Advent Songs and Hymns: Part 1

Advent is a time of preparation for the great feast of Christmas, the incarnation of Jesus Christ. It is a time for introspection, a time for longing, a time for the darkness of winter to shroud us in shadow where in the deepest darkness a new light dawns for us. Christ is this light! Are we ready for Him?

I thought I would take a moment to share my favorite Advent songs and hymns with you, that you might turn down the worldly holiday-pop tunes, and turn up the sacred ones. Surround yourself with beauty so that you may be more apt to recognize Beauty when He comes as a little babe!

The first three here (Part 1) are my absolute favorites, the next three (Advent Songs and Hymns: Part 2) are hymns to Our Lady, and the final part of the list (Advent Songs and Hymns: Part 3) are also some favorites but not in a particular order.

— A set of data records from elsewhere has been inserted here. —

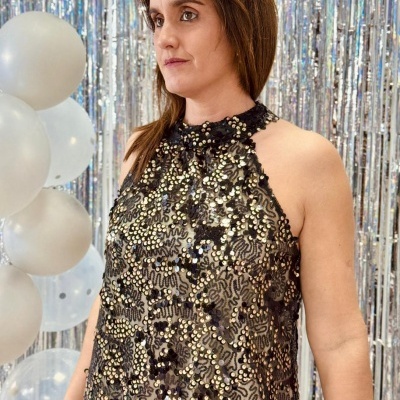 Vestido preto com lantejoulas douradas e prateadas, balões brancos e cortina prateada ao fundo.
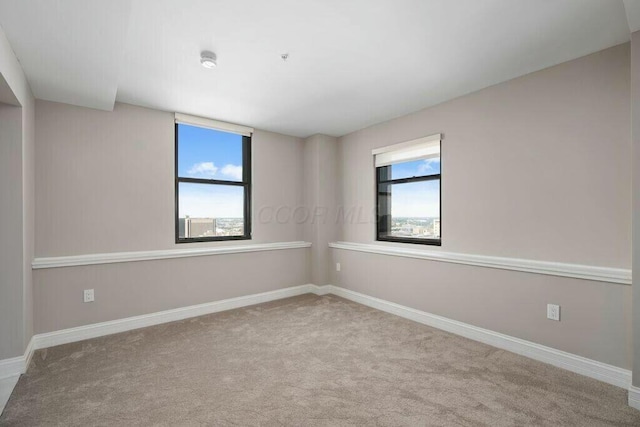 50 W Broad St Unit 2104, Columbus, OH 43215 - spare room with baseboards and carpet floors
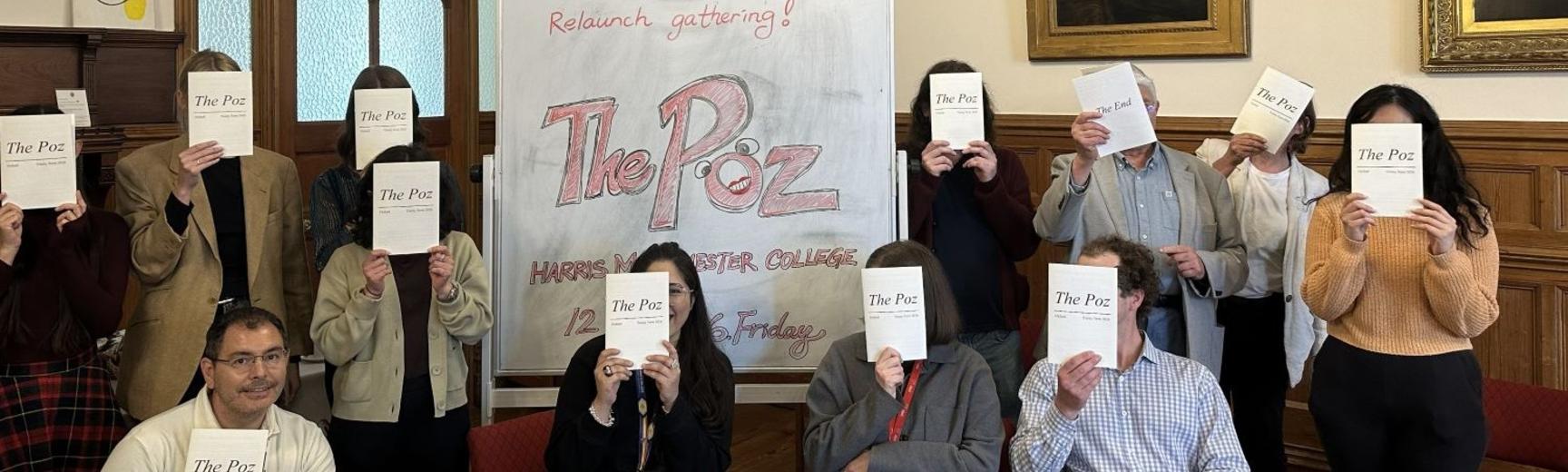 Contributors and supporters of 'The Poz' pose behind copies of the magazine, in recognition of contributors' anonymity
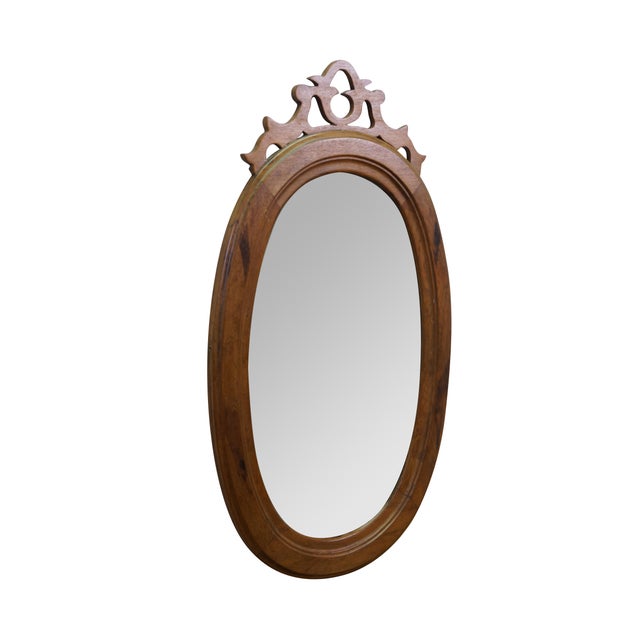Antique Victorian oval mahogany vanity or wall mirror features a carved, pierced (reticulated) wooden crest at the top....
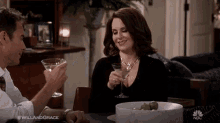 a man and a woman are sitting at a table with a martini .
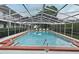 Community pool featuring a screened enclosure, brick trim, and ample seating at 320 Lakeview St # 208, Orlando, FL 32804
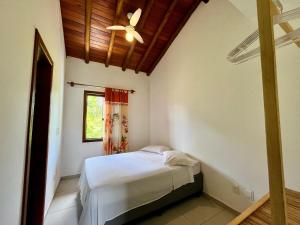 a bedroom with a bed and a ceiling fan at Casa Vila São Miguel in Itacaré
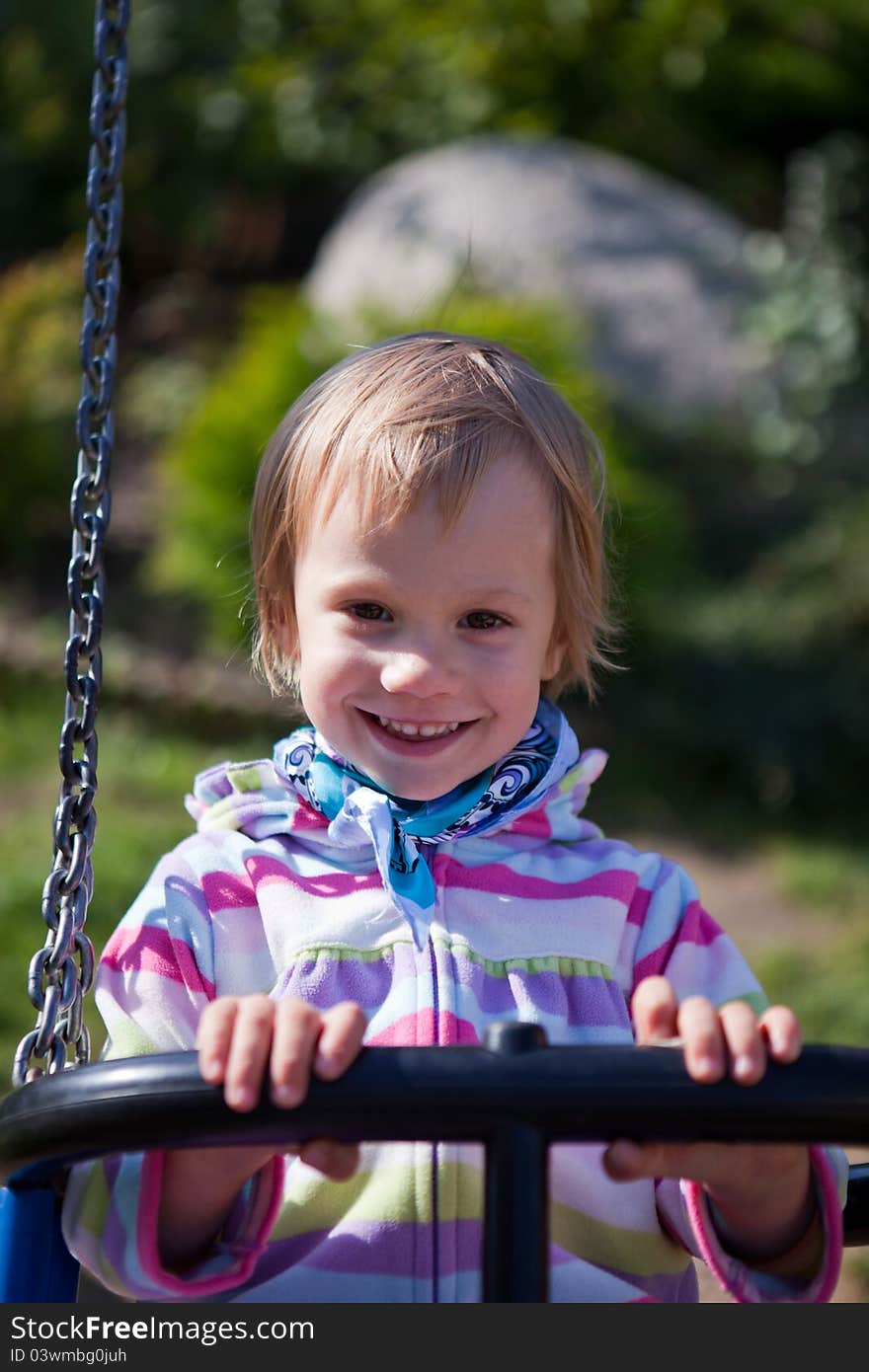 Portrait of smiling little girl on swing playground outdoors - looking at the camera. Portrait of smiling little girl on swing playground outdoors - looking at the camera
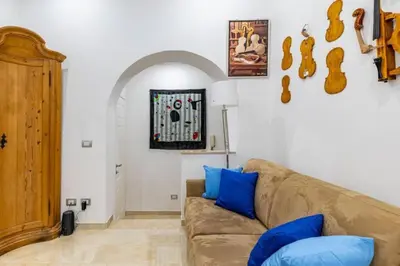 a living room with a brown couch and blue pillows at Stradivari in Rome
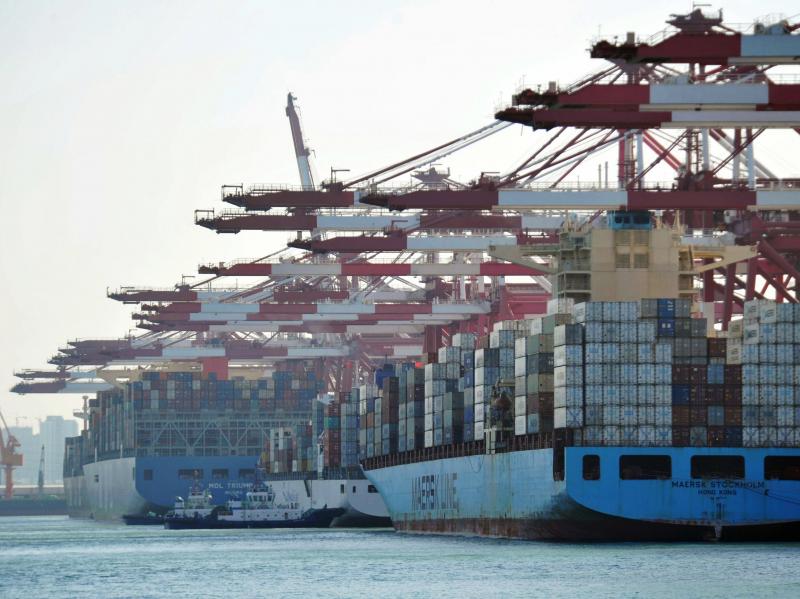 Cargo containers are loaded on ships at a port in Qingdao in China's eastern Shandong province in April. China said it will impose tariffs of 5 percent to 10 percent on $60 billion worth of U.S. products, starting on Monday. Cargo containers are loaded on ships at a port in Qingdao in China's eastern Shandong province in April. China said it will impose tariffs of 5 percent to 10 percent on $60 billion worth of U.S. products, starting on Monday.
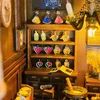 A miniature bookshelf filled with potion bottles, books, and other decorative items, suggesting a magical or alchemical theme. Voir les images du produit
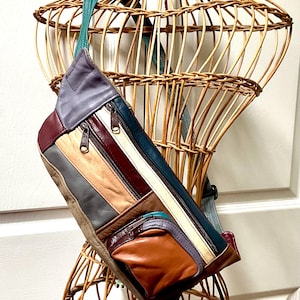 May include: A multi-colored leather fanny pack featuring a patchwork design of purple, burgundy, tan, grey, cream, and teal panels. The bag includes two zippered compartments on the front, a smaller zippered pocket, and an adjustable teal strap.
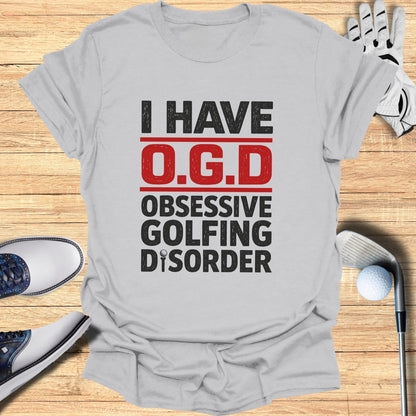 Grey t-shirt with "I HAVE O.G.D. OBSESSIVE GOLFING DISORDER" text.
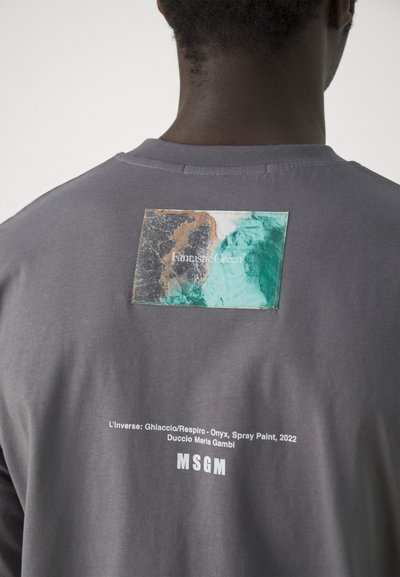 Grijze t-shirt met een textuurpatch met abstracte groene en bruine patronen op de achterkant; gedrukt tekstdetails onder de patch in het wit.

At the end of each part, a link to my YouTube “Sacred Advent” playlist is at the very end - I’ll be adding on to it as the season progresses. It is public so feel free to listen or share.


1. O Come O Come Emmanuel

The most iconic song of the advent season, this is the song my children sing around the dinner table at meal blessing during Advent, with holy candles lit, at the top of their lungs “REJOICE REJOICE”. Composed of the 7 “O Antiphons” which lead up to the birth of Christ beginning on December 17th, these are the antiphons recited before the Magnificat canticle at evening prayer. They are rich in Old Testament symbolism of Christ; O Wisdom, O Lord, O Root, O Key, O Dayspring, O King, O Emmanuel.

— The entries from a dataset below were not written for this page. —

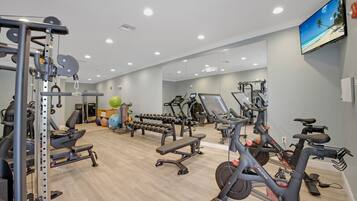 A gym with various exercise equipment, including treadmills, stationary bikes, and weight machines.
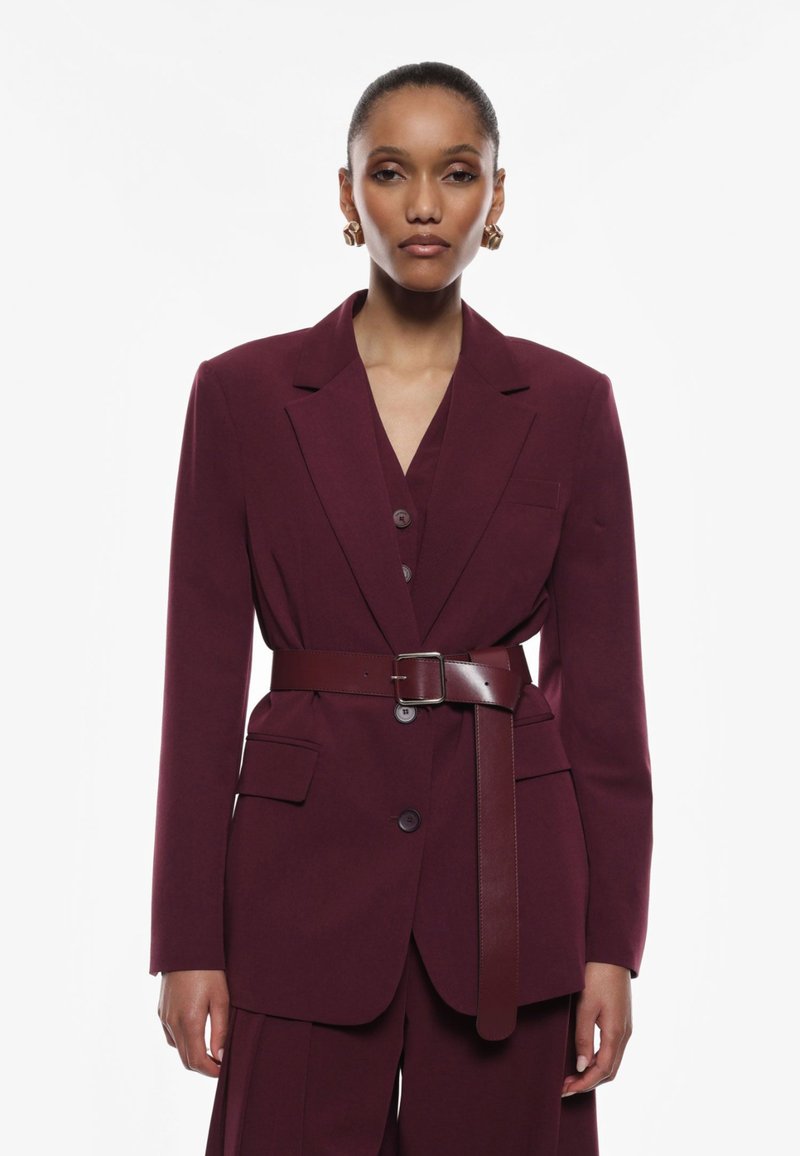 Blazer su misura color bordeaux con vita fasciante, bottoni monopetto e tasche frontali. Caratterizzato da un design strutturato e una texture di tessuto liscia.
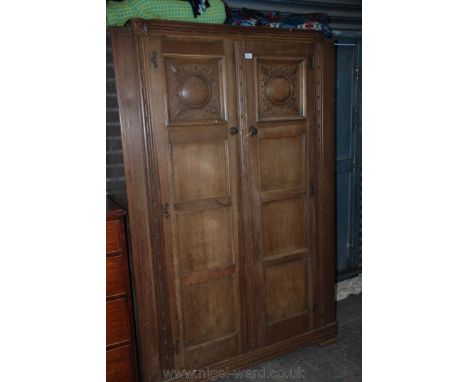 A French style Oak double doored Wardrobe, having moulded top over the pair of four panel doors, the top panel of each having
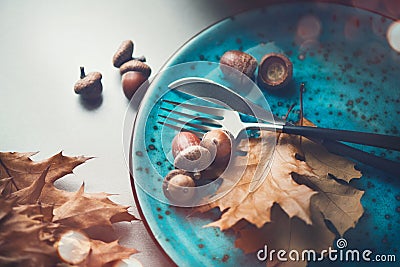 Thanksgiving holiday table served. Wooden table decorated with autumn leaves Stock Photo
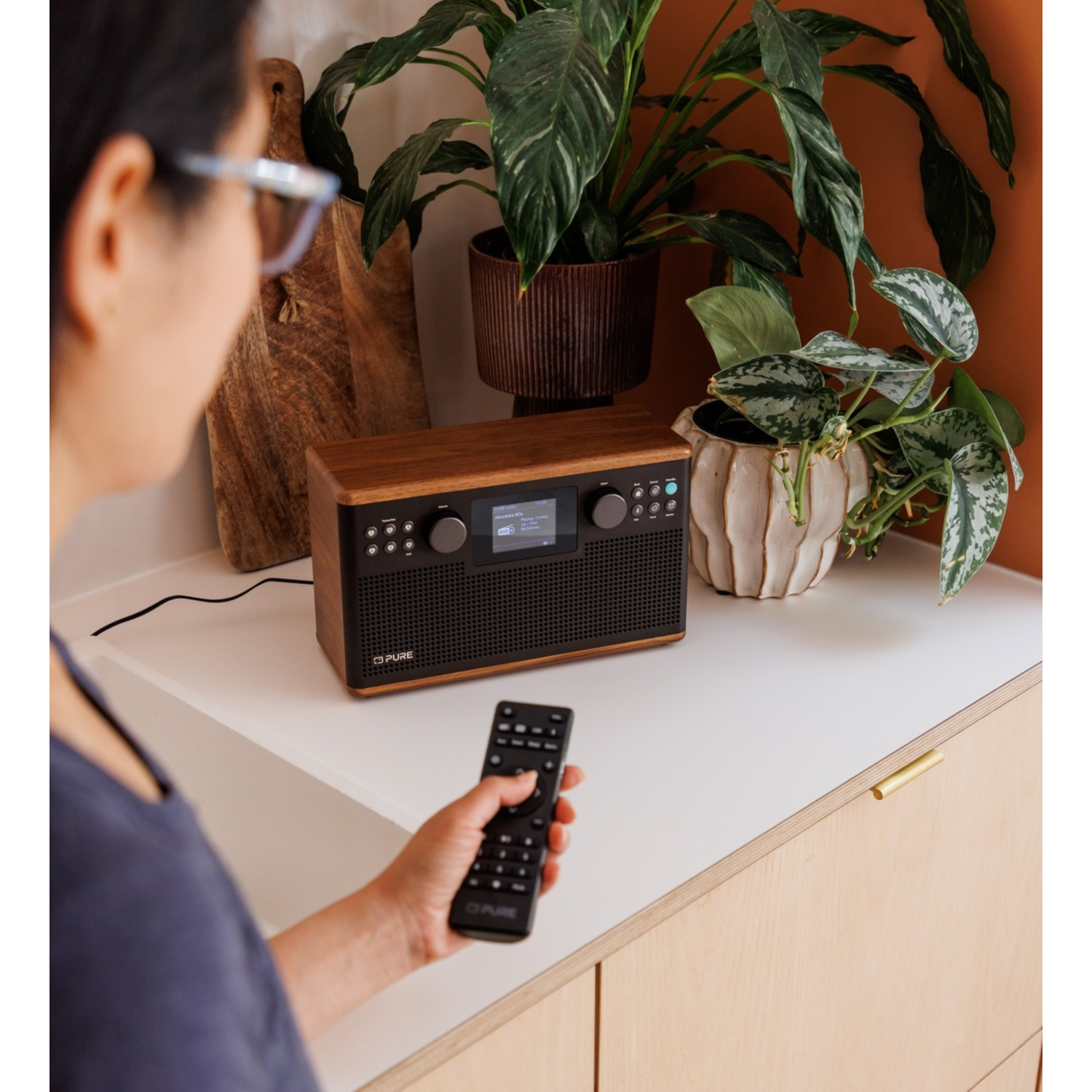 Eine Person mit Fernbedienung bedient ein Radio. Pflanzen in Töpfen sind im Hintergrund. Das Radio steht auf einer weißen Oberfläche.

For something different, here's a beautiful rendition of the Veni Veni Emmanuel by the King’s Singers:

Here's a great article by Father Roger Landry about The O Antiphons:

Meditation Notes on the O Antiphons


2. Rorate Coeli

This one is also a classic and my Advent isn't complete without singing it. Here it is set as a hymn, often used in the Divine Office. These words are beautiful for meditation and included below!

Listen HERE to the Benedictine Sisters of Mary singing!


3. O Come Divine Messiah

A French carol from the 16th Century, this one just makes me happy! As with almost all French music, it's rhythm is dancelike. The cheerful expression of longing is filled with excitement and the joy of the season. I'm adding the text for this one as well.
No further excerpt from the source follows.